Marianne, on vacation in a small Italian village, meets Marco and falls in love. She returns to her native Montreal, but when Marco calls and invites her to come live with him, she abandons family, friends, and possessions to return to Italy. Residing in a small village on a lake, in a house previously abandoned by Marco’s family, with just a bed and a large table, Marianne comes to know the real Marco. Never married, he has an established, solitary life with its own rhythms. He works as a plumber earning just enough income to survive. Marco exists in a self-contained circle with his dogs, his hunting, the relatives in his village, and the natural beauty of his surroundings.
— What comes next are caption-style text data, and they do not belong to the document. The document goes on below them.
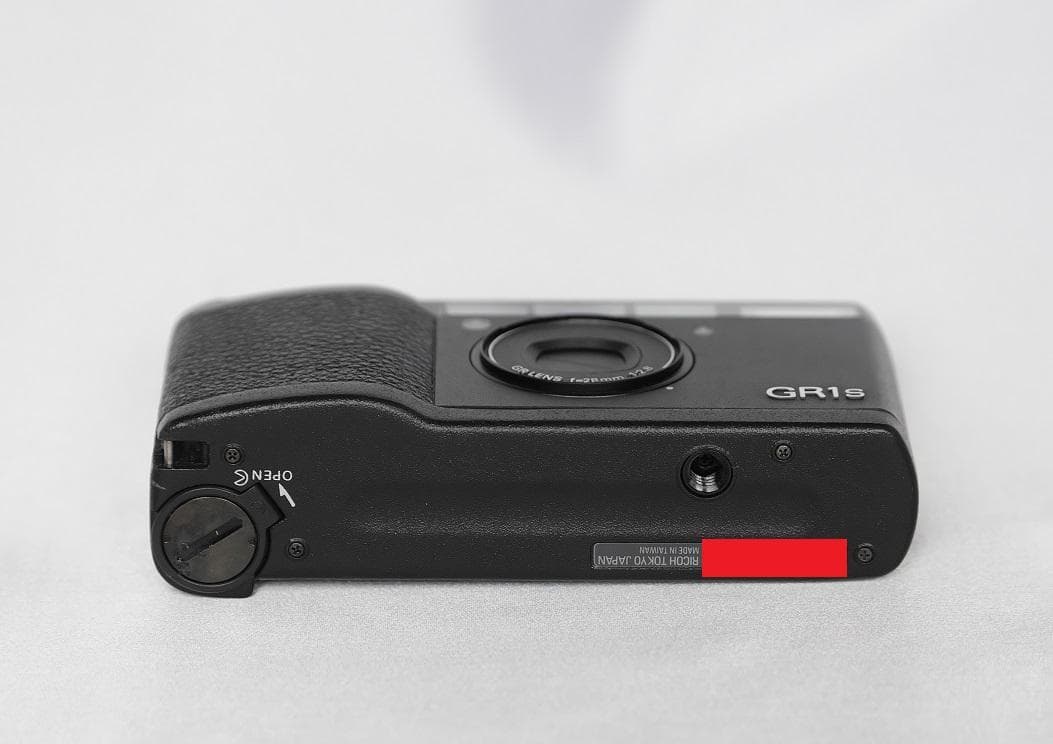 【名品】Ricoh GR1s コンパクトフィルムカメラ ブラック (動作確認済）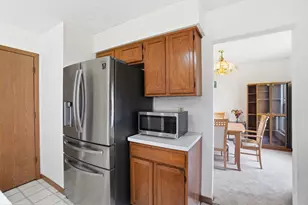 3686 Riverlane Ct, Columbus, OH 43221 - Photo 18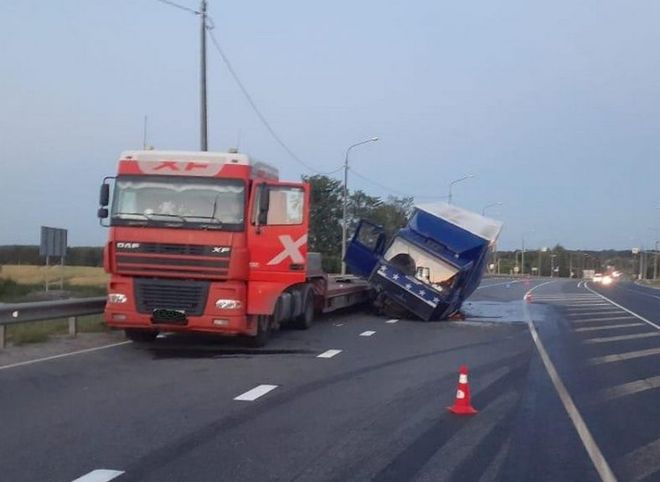 В Путятинском районе столкнулись два грузовых автомобиля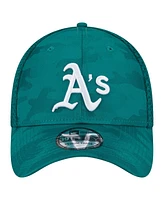New Era Men's Green Athletics Subtle Camo 39THIRTY Flex Hat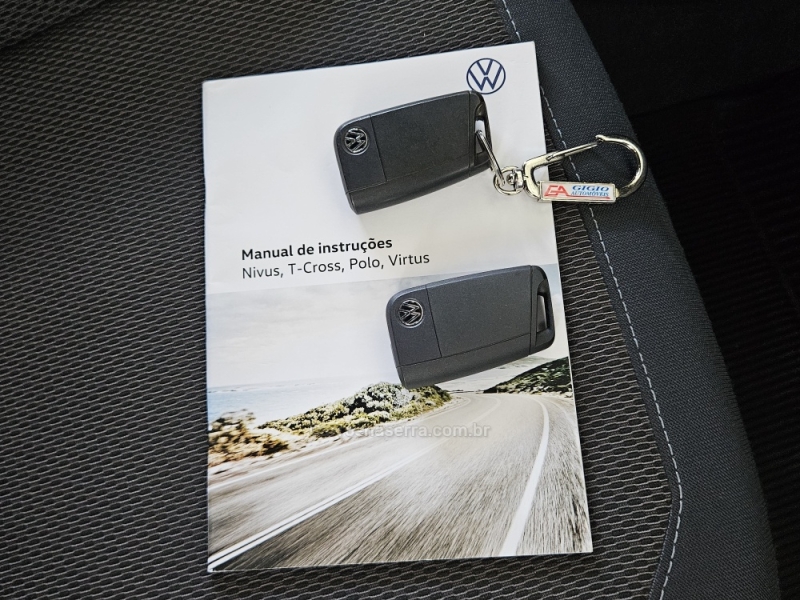 VOLKSWAGEN - T-CROSS - 2022/2022 - Prata - R$ 103.500,00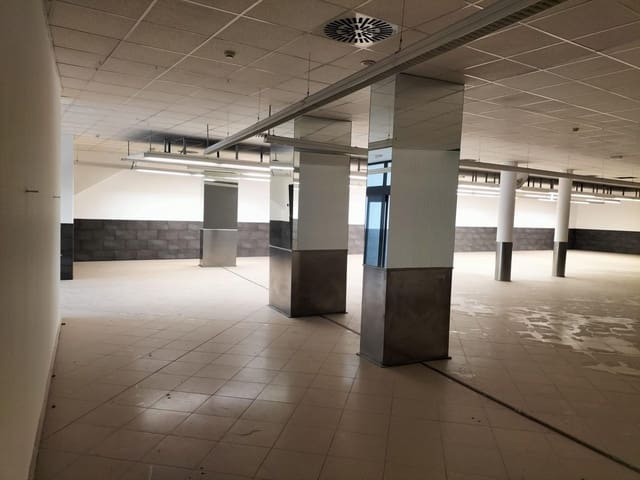 Erhverv til salg i Sur, Castelló de la Plana - € 270.000 (Ref: 9132523)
His widowed mother cooks his meals, does his laundry, and is not about to let him go.
Quiviger uses a combination of Marianne’s writings and third-person narration to paint vivid, engaging, and endearing portraits of the characters and of village life. Marianne’s attempt to settle her rivalry with Marco’s mother using a fish casserole and French toast is very funny. Through Marianne, we learn that all her efforts to achieve a greater intensity in her relationship with Marco have failed, but while in Italy, Marianne develops the strength and self-knowledge to return home and carry on with her life.
Le cercle parfait, the novel’s original French edition, deservedly won the Governor General’s Award for Fiction in 2004. Quiviger’s prose will seduce the romantic with its many charms, while satisfying the realist with its challenging portrayal of a modern relationship that attempts to bridge two cultures, two languages, and two independent personalities.